Recommendations for Virus Genomics Data¶
Repositories¶
We suggest that raw virus sequence data as well as assembled and annotated genomes are submitted to ENA.
- There are several ways to submit data to ENA, including SARS-CoV-2 submission and extensive documentation on programmatic submissions.
- Before submission of raw sequence data (e.g. shotgun sequencing) it is necessary to remove contaminating human reads. This can be done using e.g. Metagen-FastQC, or ask for assistance at virus-dataflow@ebi.ac.uk.
Data and metadata standards¶
A list of relevant data and metadata standards can be found in FAIRsharing, some specific examples are below.
Data standards¶
We suggest that data is preferentially stored in the following formats, in order to maximize the interoperability with each other and with standard analysis pipelines:
- Raw sequences: .fastq, optionally add compression with gzip
- Genome contigs: .fastq if uncertainties of the assembler can be captured, otherwise use .fasta; optionally add compression with gzip
- De novo aligned sequences: .afa
- Gene Structure: .gtf
- Gene Features: .gff
- Sequences mapped to a genome: .sam or the compressed formats .bam or .cram. Please ensure that the used reference sequence is also publically available and that the @SQ header is present and unambiguously describes the used reference sequence.

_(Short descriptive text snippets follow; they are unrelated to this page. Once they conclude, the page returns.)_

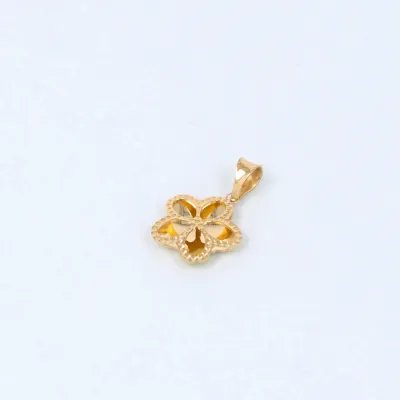 Yellow gold flower-shaped pendant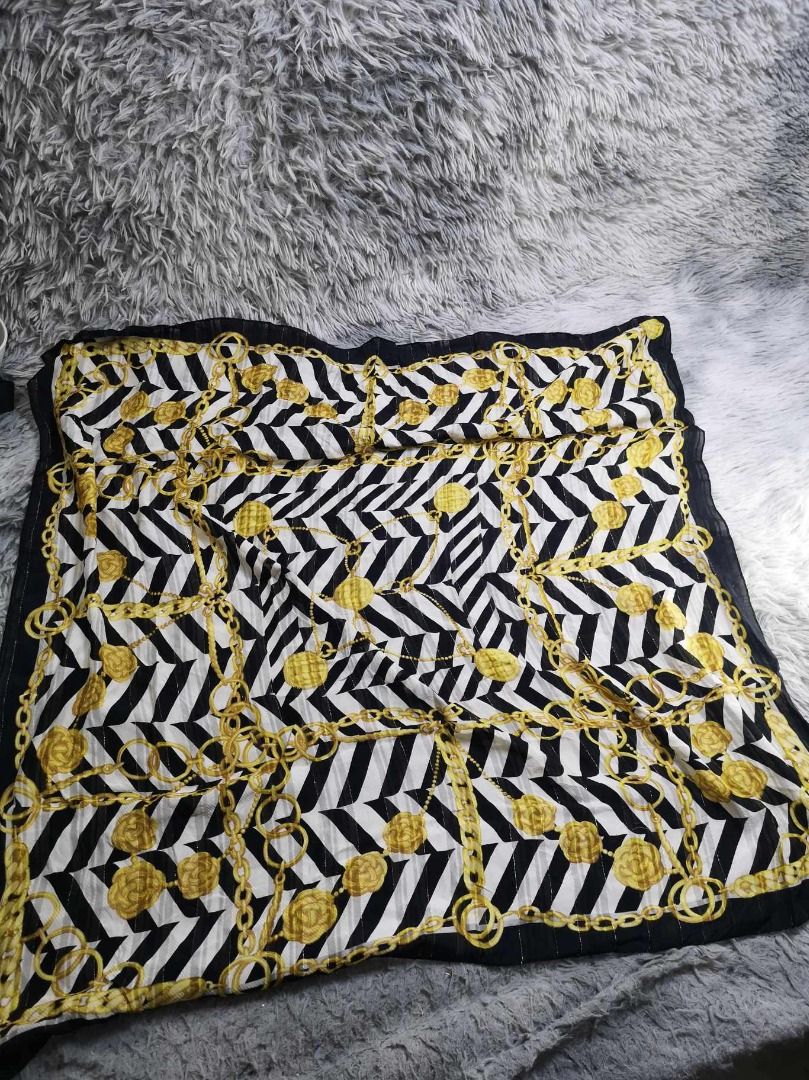 Herringbone Patterned Square Scarf (Category: Scarves) located in Santa Cruz. Submitted by jmy_surplus.2 (Listing ID 1467969469, Image 1). Description: Size ; L- 36 W - 33 Color ; White , Black Type ; Scarf Brand ; No brand Material ; Sllk Style ; Zigzag With Chain Pattern Scarf LG 118 JMY 3 Batch #225.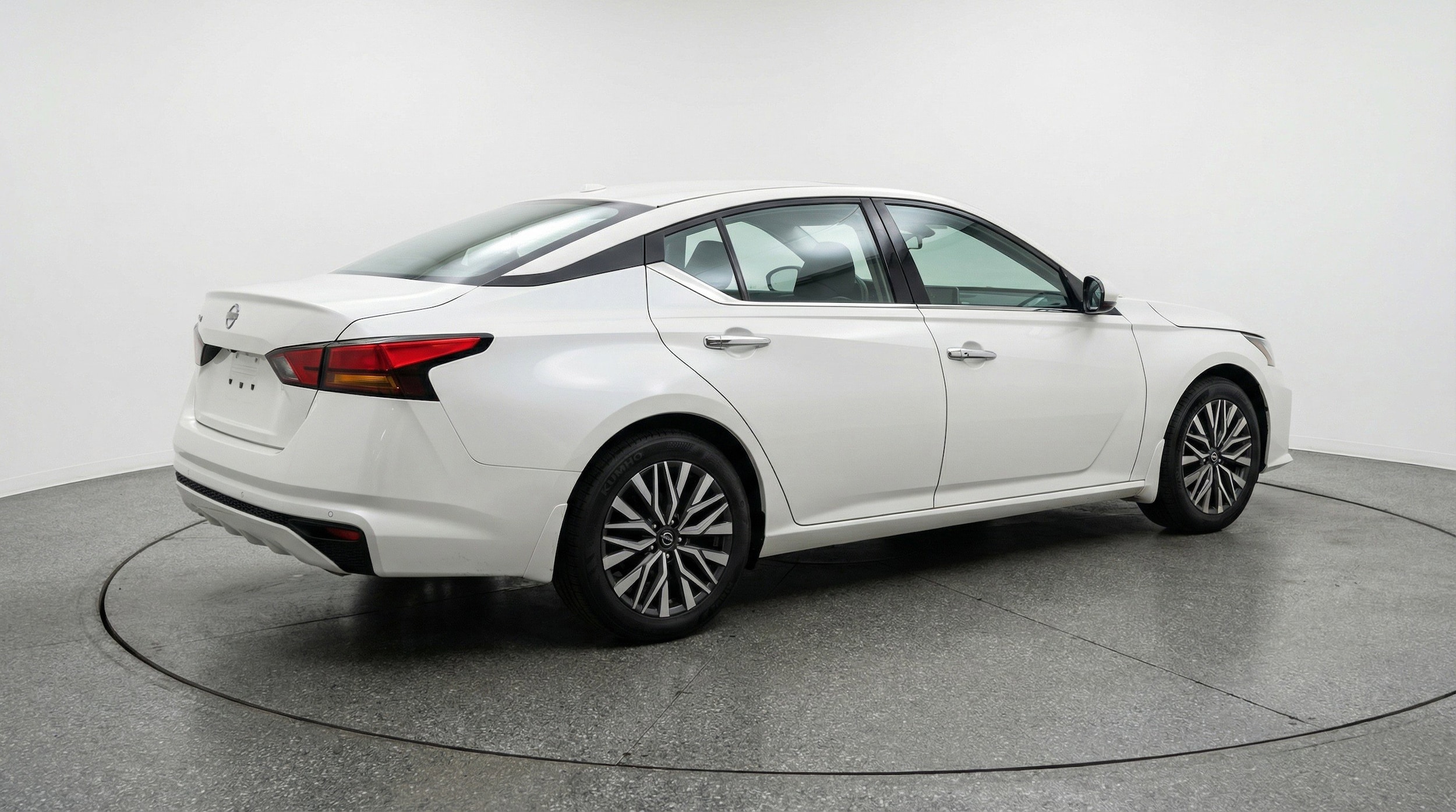Thumbnail: 2025 Nissan Altima - 9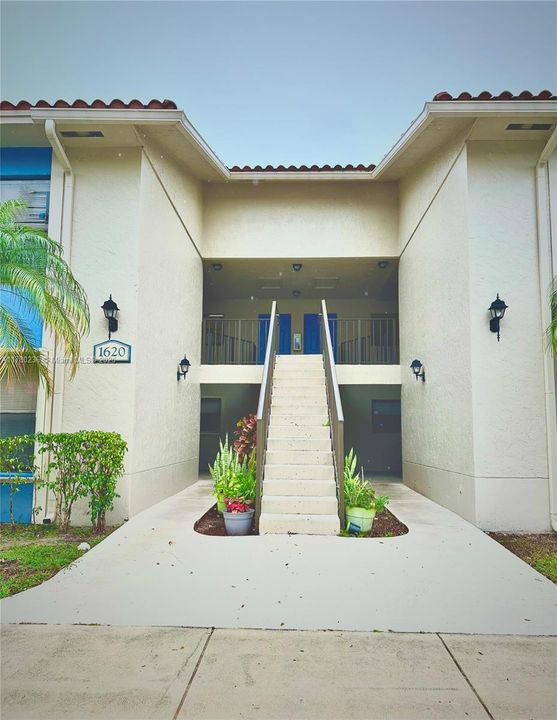 Active With Contract: $199,900 (2 beds, 2 baths, 916 Square Feet)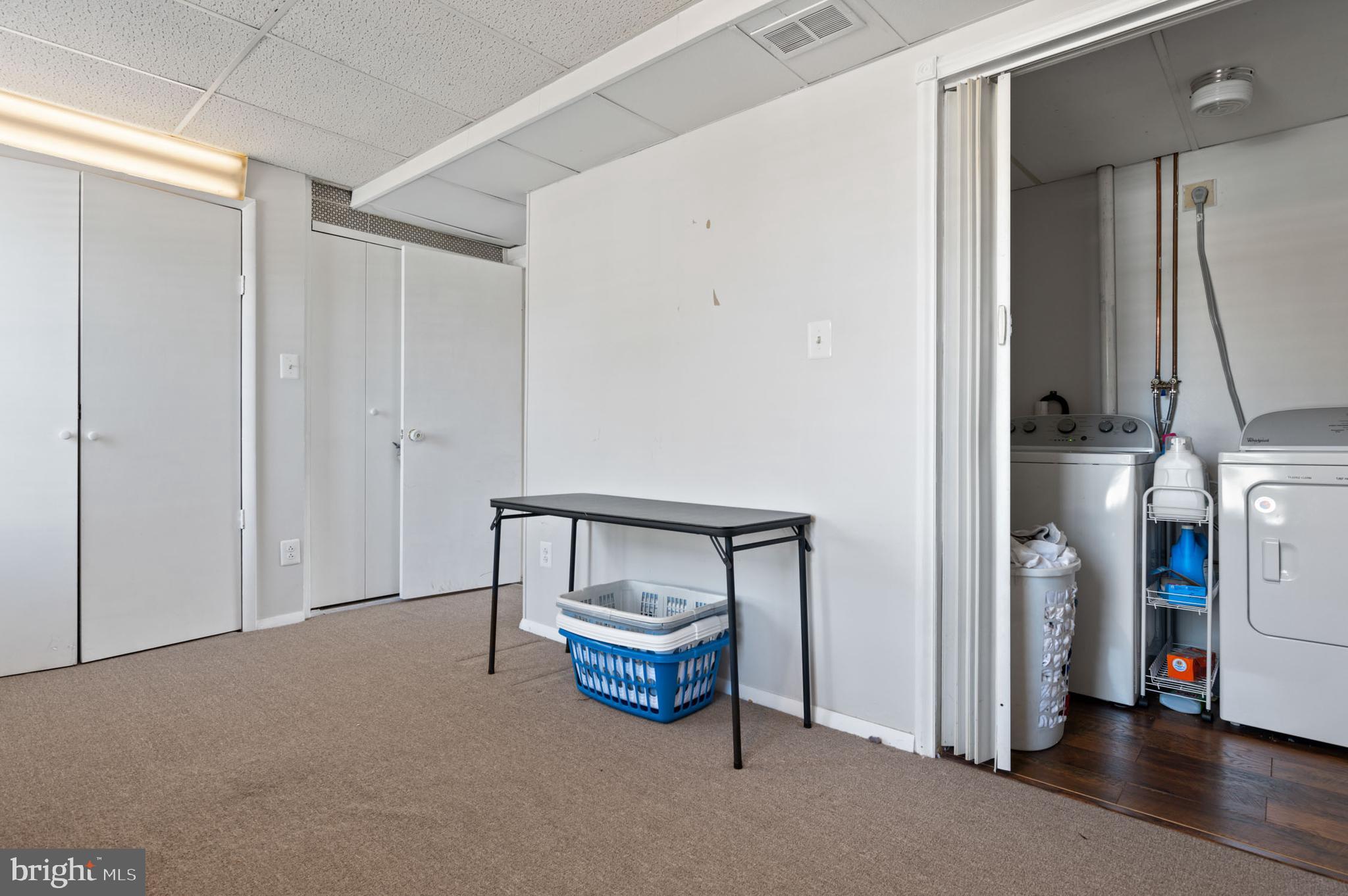 BAY COUNTRY - Residential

- Variant calling: .vcf. Please ensure that the used reference sequence is also publically available and that it is unambiguously referenced in the header of the .vcf file, e.g. using the URL field of the ##contig field.
- Browser: .bed
Metadata standards¶
Consider annotating virus genomes using the ENA virus pathogen reporting standard checklist, which is a minimal information standard under development right now and the more general Viral Genome Annotation System (VGAS) (Zhang et al. 2019).
Phylogenetic analysis¶
For submitting data and metadata relating to phylogenetic relationships (including topology, branch lengths, and support values) consider using widely accepted formats such as Newick, NEXUS and PhyloXML. The Minimum Information About a Phylogenetic Analysis checklist provides a reference list of useful tree annotations.